DIRECTIONS FOR THIS TASK: Give all of the data below again exactly, and drop the images.
━━ EXTRACTED RECORDS ━━
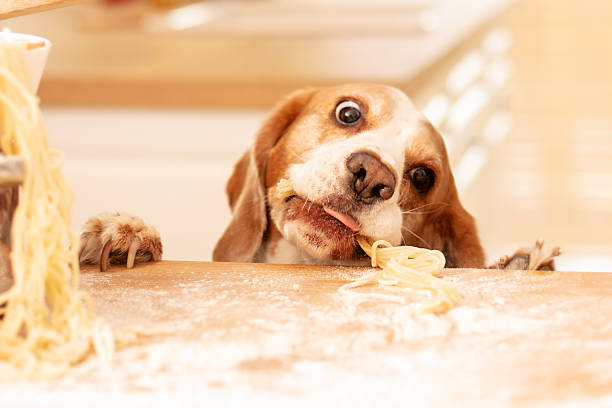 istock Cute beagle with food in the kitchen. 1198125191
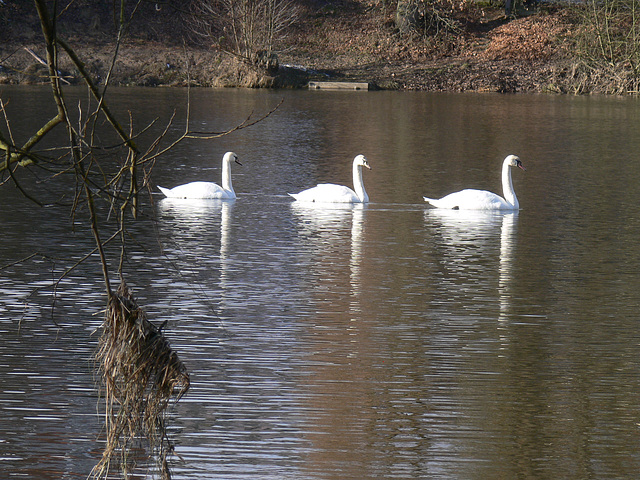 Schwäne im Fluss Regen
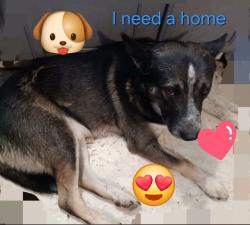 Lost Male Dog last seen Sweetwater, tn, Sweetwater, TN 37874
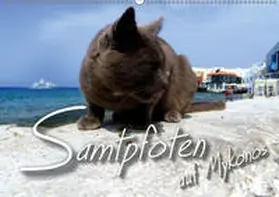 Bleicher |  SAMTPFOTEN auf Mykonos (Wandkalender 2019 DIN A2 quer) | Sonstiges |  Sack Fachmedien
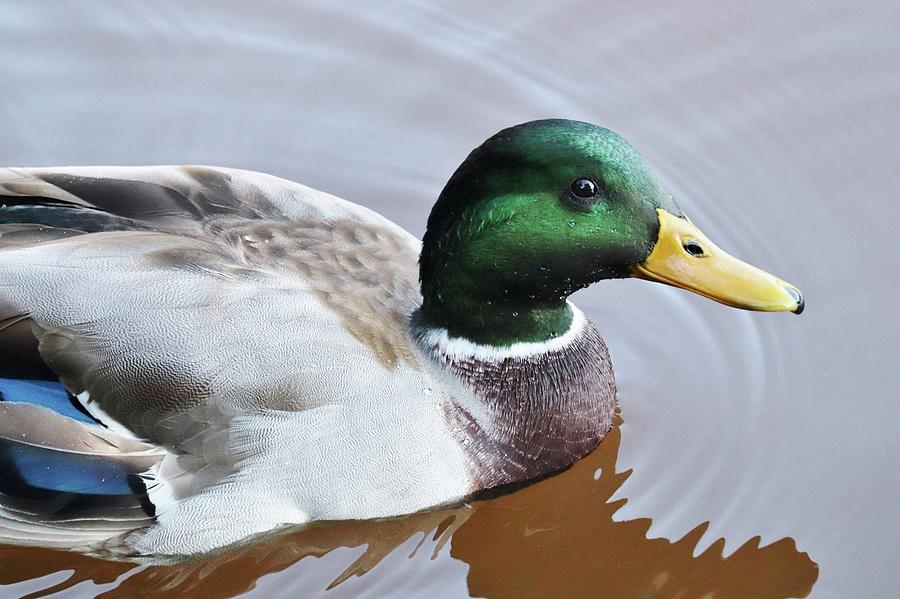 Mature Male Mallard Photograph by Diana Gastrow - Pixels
━━━
RESPONSE BELOW:
 istock Cute beagle with food in the kitchen. 1198125191
 Schwäne im Fluss Regen
 Lost Male Dog last seen Sweetwater, tn, Sweetwater, TN 37874
 Bleicher |  SAMTPFOTEN auf Mykonos (Wandkalender 2019 DIN A2 quer) | Sonstiges |  Sack Fachmedien
 Mature Male Mallard Photograph by Diana Gastrow - Pixels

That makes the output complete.